I want to make the shape a semi-ellipse (half an ellipse).
What a/b ratio should I choose to maximize the area?
I cannot do this because the circumference of an ellipse is an insane equation. It involves an integral that I think is not solvable in indefinite form.
The area of an ellipse is much easier: ab*pi. (But it will be 1/2 of that.)
Optional Extra Info:
Technically a circle is a special case of an ellipse where a = b. In other words the ratio is 1:1. Circles are way easier so I did this example case.
P = $\frac{1}{2}2\pi r = 100$
r = $\frac{100}{\pi}$
A = $\frac{1}{2}\pi r^2$
A = $\frac{1}{2}\pi\frac{10,000}{\pi^2}$
A = $\frac{5,000}{\pi}$ ~= 1,591.549 sq m
Now I remember the classic rectangle version, where the optimal area occurs when x = 2y. Therefore I want to do a test case where a = 2b and see if it's bigger than the semi-circle area.
But I can't plug that in because the circumference of an ellipse involves an integral that I can't evaluate.

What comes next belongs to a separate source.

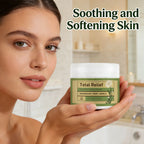 Magnesium Soothing Cream Nerves Relief Long-Lasting Hydration Prevent Drying Moisturizing Body Cream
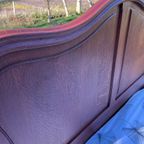 Hoofdbord, Massief Eikenhout thumbnail 9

Even that would not be the final answer. The optimization asks what is the a/b ratio that maximizes area? I did 1 test case and wanted to do a 2nd, but to find the optimal I would have to take the derivative, set it to zero, find critical points, and figure it out.
Can anyone do this?
P.S., that area of about 1,600 sq m is about 30 percent bigger than the rectangle version where x = 2y. In that case I get A = 1250 sq m
You can get the optimum a/b ratio without regard to the perimeter. You only need to consider the perimeter to determine the respective values of a and b. The area of an ellipse is $πa^2\sqrt{1 - e^2}$, where e is the eccentricity. For given a, it's clear that the area is maximized by e = 0, so the ellipse is actually a circle with radius r = a = b. The same goes for a semi-ellipse and a semi-circle. To get a 100 meter fence, the radius is 100/π, as you said.